Step by step solution

01

Identify the Unbiased Estimator

Given that the population distribution is normal and the parameters are approximately unbiased, the 99th percentile is given by \( \theta = \mu + 2.33 \sigma \). To estimate this, we use the sample mean \( \bar{X} \) as an estimate for \( \mu \) and the sample standard deviation \( S \) as an estimate for \( \sigma \). Thus, the estimator \( \hat{\theta} \) for \( \theta \) is \( \hat{\theta} = \bar{X} + 2.33S \). This estimator is approximately unbiased because \( E(\bar{X}) = \mu \) and \( E(S) \approx \sigma \).

02

Compute the Variance of the Estimator

Since \( \bar{X} \) and \( S \) are independent, the variance of \( \hat{\theta} = \bar{X} + 2.33S \) is given by:\[ V(\hat{\theta}) = V(\bar{X}) + (2.33)^2 V(S) \]We know \( V(\bar{X}) = \sigma^2 / n \) and \( V(S) \approx \sigma^2 / (2n) \).
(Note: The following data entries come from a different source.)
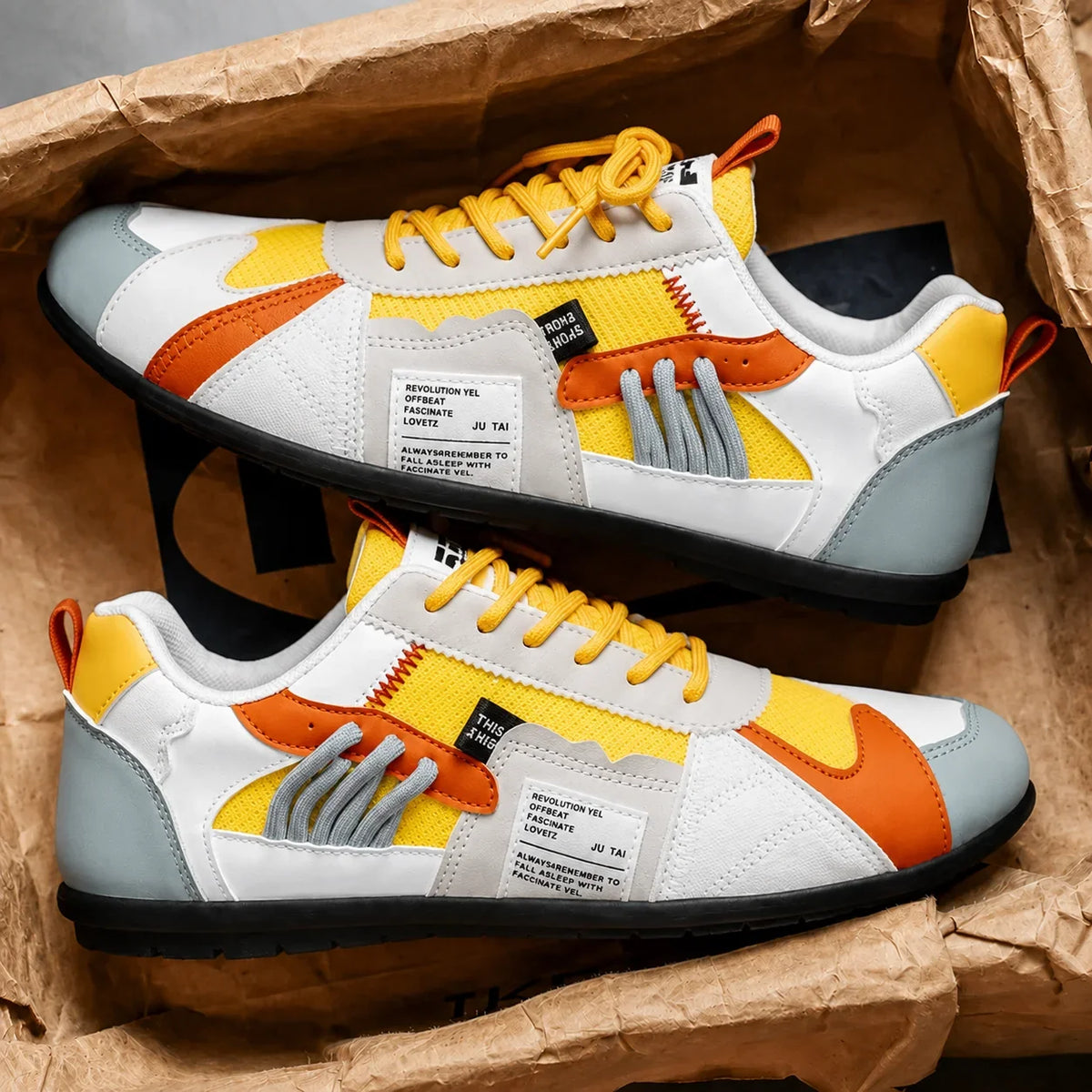 Casabella | Zapatillas Retro Multicolor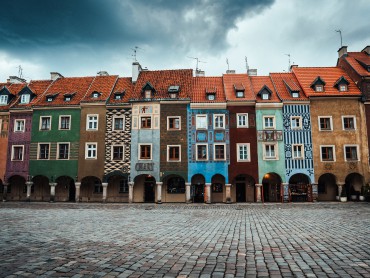 poznan market square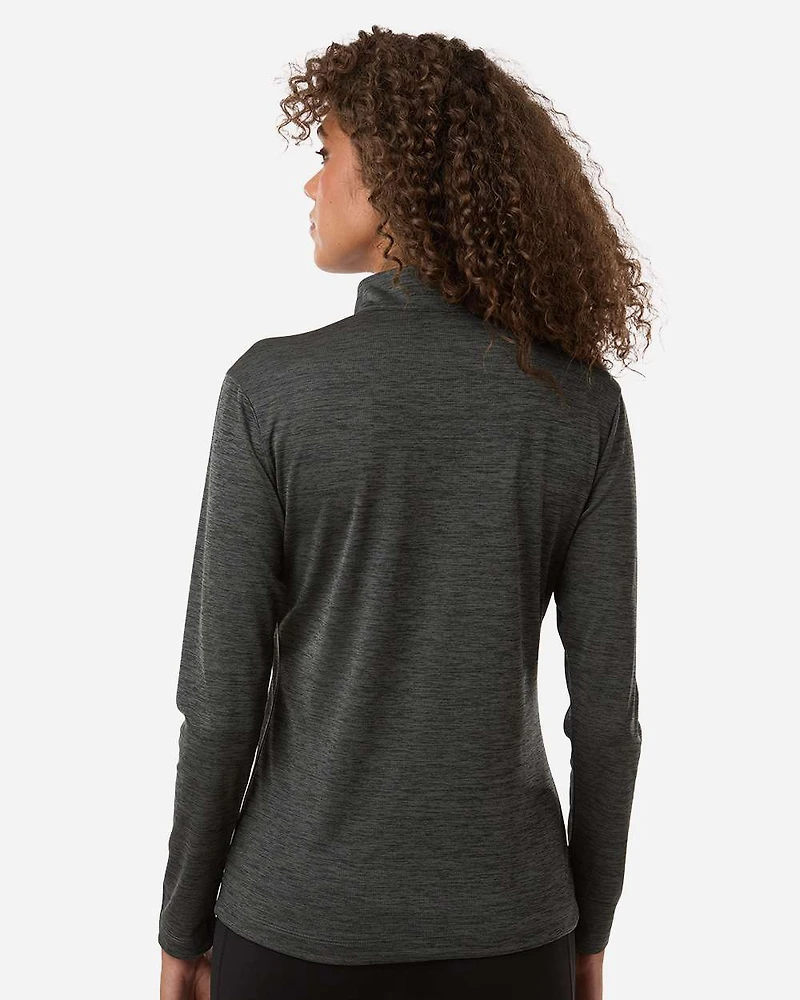 Women's Pro-Lock Performance Mélange Quarter-Zip Pullover | T-Shirt Time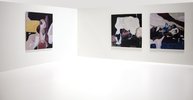 Ausstellungsansicht Klasse Anselm Reyle: Juno Rothaug, Aus der Ecke kehrt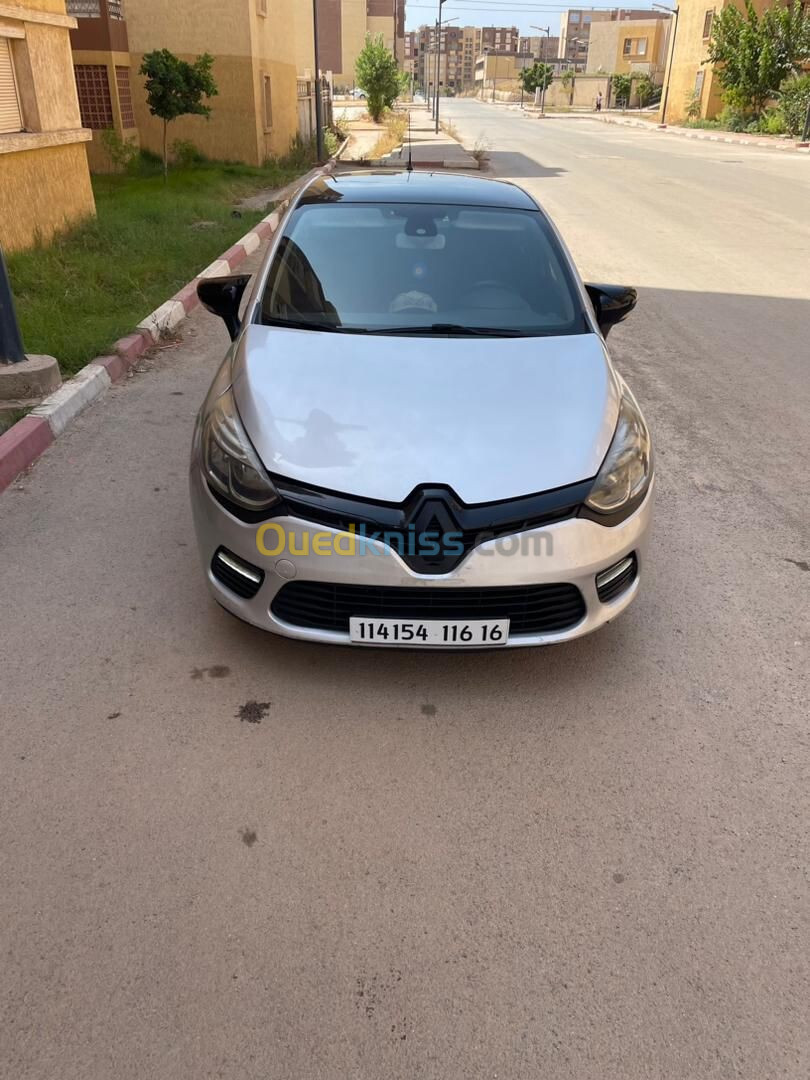 Renault Clio 4 2016 GT Line +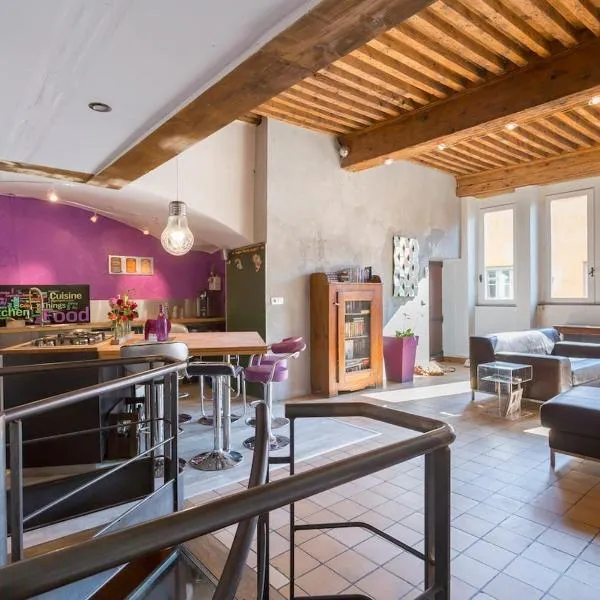 Le Duplex de Fourvière, hôtel à Lyon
Therefore,\[ V(\hat{\theta}) = \frac{\sigma^2}{n} + (2.33)^2 \frac{\sigma^2}{2n} \].

03

Calculate the Standard Error

The standard deviation of \( \hat{\theta} \) is the square root of its variance:\[ \sigma_{\hat{\theta}} = \sqrt{ V(\hat{\theta}) } = \sqrt{ \frac{\sigma^2}{n} + (2.33)^2 \frac{\sigma^2}{2n} } \]

04

Use Given Data to Find the Estimated Standard Error

Given \( \bar{x} = 6.33 \), \( s = 0.16 \), and \( n = 64 \), substitute these into the variance formula to estimate:\[ \hat{V}(\hat{\theta}) = \frac{s^2}{64} + (2.33)^2 \frac{s^2}{2*64} \]Compute \( \hat{\sigma}_{\hat{\theta}} = \sqrt{\hat{V}(\hat{\theta})} \).

05

Formulate the Test Statistic

The test statistic for \( H_0: \theta = \theta_0 \) is given by:\[ Z = \frac{\hat{\theta} - \theta_0}{\hat{\sigma}_{\hat{\theta}}} \]The null hypothesis is tested using standard normal distribution since the test statistic is approximately normal.

06

Conduct the Hypothesis Test

Substitute \( \hat{\theta} = 6.33 + 2.33 * 0.16 \) to find \( \hat{\theta} \), and calculate \( Z \) using \( \theta_0 = 6.75 \). Compare the \( Z \)-value with the critical value for \( \alpha = 0.01 \) (approximately \( Z = 2.33 \) for one-tailed test). If the computed \( Z \) is greater than the critical value, reject \( H_0 \).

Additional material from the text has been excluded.